To validate the effect of the 4-gene signature on NSCLC prognosis, we performed overall survival analysis with these genes using Kaplan-Meier survival plots (Fig. 4a) to examine their impact on patient survival, with a threshold of p-value \(< 0.01\) to determine significance. The low expression of AGER, CA4, RASIP1, and CAV1 are all associated with poor overall survival, indicating their significant roles in NSCLC prognosis.

Figure 4
figure 4

Differential expression of 4-gene signature in NSCLC patients.

To confirm that our results are applicable outside our data set, TCGA data from the GEPIA interactive website was used to verify the identified genes to be effective amongst other NSCLC cases. Figure 4b compares gene expressions from two histological types of NSCLC, lung squamous cell carcinoma (LUSC) and lung adenocarcinoma (LUAD), and normal lung tissues. All four genes are significantly downregulated in cancerous patients, indicating that the four-gene signature can be expanded and used for new patients and data. From our GO enrichment analysis, these genes play important roles in the ECM matrix and signalling pathways. They are important for cancer detection and treatment, and can act as therapeutic targets for future drug therapy and personalized medicine.

Stage II: Critical network topological metrics

In the past decade, topological data analysis has grown into a prominent role in the oncology field. The scoring metrics are crucial to topological data analysis as they identify the most influential network nodes. Scoring metrics, however, describe only geometric relationships between nodes in the network, not their relation to disease diagnosis. Consequentially, the significance and implications of the scoring methods are vastly overlooked in most biological studies, and a single metric is often employed without reasoning24. On the other side of the spectrum, many studies simply use all 12 metrices together, which is also ineffective25. The most frequently used metric is Degree, a local metric that may not capture the full extent of gene network interactions. Our foremost goal in the second stage of this work is to thoroughly analyze the performance of these quantitative methods applied to biological networks and identify the top metrics that best capture functional connectivity and biological implications.

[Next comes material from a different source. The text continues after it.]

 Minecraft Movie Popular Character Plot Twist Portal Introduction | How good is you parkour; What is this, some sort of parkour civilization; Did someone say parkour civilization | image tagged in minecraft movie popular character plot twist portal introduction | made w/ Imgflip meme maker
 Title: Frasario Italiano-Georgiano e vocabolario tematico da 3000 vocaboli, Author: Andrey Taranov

We set out to achieve this in two major phases. We first evaluate all 12 topological scoring metrics based on their diagnostic ability for effective biomarker selection. In the search for biomarkers, using a single metric may be inadequate, while using all metrics together is complex and inefficient, and possibly erroneous. Therefore, in the second phase, we further investigate the performance of using multiple metrics concurrently in diagnosis and design a powerful metric. Few previous studies have meaningfully utilized multiple network metrics concurrently to look for biomarkers17,26. Our investigations indicate that increasing the analytical coverage of a biological system through optimal pairings of metrics leads to more robust results.

Evaluating the performance of individual metrics

To evaluate the ability of the metrics to identify essential biomarkers, we calculated the Integrated AUC of biomarkers selected by each metric in Table 1a. For comparison, the mean of the AUCs of individual genes selected by each metric was also calculated. However, without considering the diagnostic effects of genes together, the performance of the mean individual AUC is lower, as it cannot effectively capture the interactions between genes and is also more susceptible to outliers. In general, Integrated AUC has higher performance and is more robust, and will be used as the main performance measure in this study.

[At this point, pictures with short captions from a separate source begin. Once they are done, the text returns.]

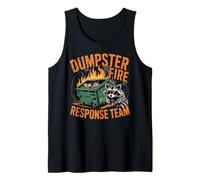 Dumpster Fire Response Team Raccoon Meme Lover Humor Tank Top
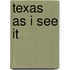 Texas As I See It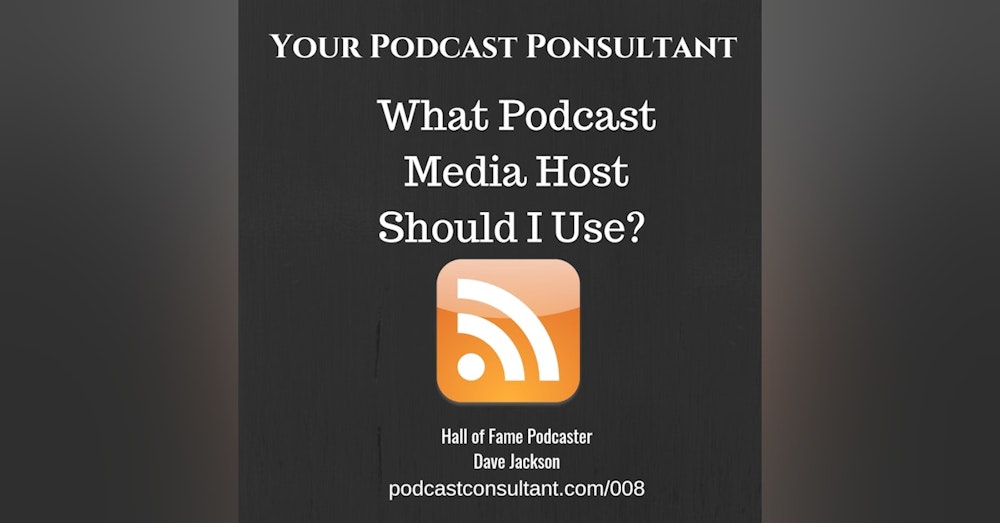 What Podcast Media Host Should I Use?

The top local and global metrics found are Clustering Coefficient (AUC = 0.8770) and Bottleneck (AUC = 0.8609) respectively (Table 2). Compared to the commonly used Degree27, the AUC of Clustering Coefficient is 11% higher. Rather than simply using Degree to select genes with many connections, these results explore and confirm that other scoring methods better capture the functional features of protein networks. With Integrated AUC, we can validate the connection between the geometric metrics and their functional significance.

Table 2 Scoring metrics ranked by AUC.

Design of C-Index

In this second stage, we systematically composed metrics to find an ideal set of scoring methods that can adequately capture the interactions in biological networks without incurring high complexity. We evaluated composite performances using Integrated AUC of the top 10 and 20 genes of the superset of the metrics. Furthermore, we assessed the performance of the metrics using a Precision measure, as defined in the Methods section. Precision measures the accuracy of the composite metrics in identifying the top 10 and 20 disease-correlated genes (by AUC score) listed in Table 1b.

To measure both the node-level properties and the network-level properties, we chose to compose the top local and global metrics (which were also the top two metrics overall), Clustering Coefficient and Bottleneck (Fig. 5). 7 out of the top 10 overall genes were correctly identified, resulting in a 70% precision, and the Integrated AUC of the top 10 nodes was 0.9027. Likewise, the top 20 nodes had 70% precision, and Integrated AUC was 0.8765. Already, the composition results in a higher AUC than any of the individual metrics.

Figure 5
figure 5

Performance of composite network scoring metrics.

To determine whether the composition of Clustering Coefficient and Bottleneck is the most optimal, we also composed the three metrics Clustering Coefficient, Bottleneck, and Eccentricity. Although Betweenness outperformed Eccentricity, we chose to use Eccentricity because by definition Betweenness is essentially the same measure as Bottleneck and is thus not needed in the composite. With three, although the precision increased, the Integrated AUC reduced slightly. We also composed the top four metrics but obtained no improvement in AUC or precision. Considering the vastly increased complexity of adding more metrics, using two metrics together is ultimately more powerful than using three or more.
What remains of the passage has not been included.